Cependant, ce que je redoute, c’est qu’au lieu d’acheminer son aide dans le cadre d’efforts constructifs (santé, éducation, réduction de la pauvreté et infrastructures), la Chine continue à prendre part aux actions qui alimentent les tragédies du continent et le fasse par le biais de trafics d’armes et en sapant les différentes démarches des pays d’Afrique en faveur de la démocratie, de la bonne gouvernance et du respect des droits de l’homme. Le navire chinois chargé d’acheminer des armes au Zimbabwe remet encore une fois en question la volonté réelle de la Chine de contribuer à la paix et à la sécurité en Afrique.

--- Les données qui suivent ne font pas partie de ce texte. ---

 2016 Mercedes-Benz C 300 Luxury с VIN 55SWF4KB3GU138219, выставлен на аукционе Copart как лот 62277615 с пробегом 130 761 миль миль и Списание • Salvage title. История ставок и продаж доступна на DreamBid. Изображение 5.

Bon nombre de pays d’Afrique se réjouissent de leur coopération avec la Chine étant donné que les avantages économiques ne sont liés à aucune conditionnalité politique, mais l’UE doit continuer à plaider avec force pour le renforcement des institutions, le respect des droits de l’homme et la transparence des règles en ce qui concerne l’exploitation des ressources naturelles, auprès de la Chine mais aussi des pays d’Afrique. Les récents développements ont montré que même dans les cas où les gouvernements ont commencé depuis quelques années à faire preuve d’une plus grande transparence sur la façon dont les fonds et les ressources publics sont dépensés, ils sont revenus à une administration moins transparente. L’UE a le devoir d’aider la Chine à devenir un partenaire de confiance dans la coopération au développement.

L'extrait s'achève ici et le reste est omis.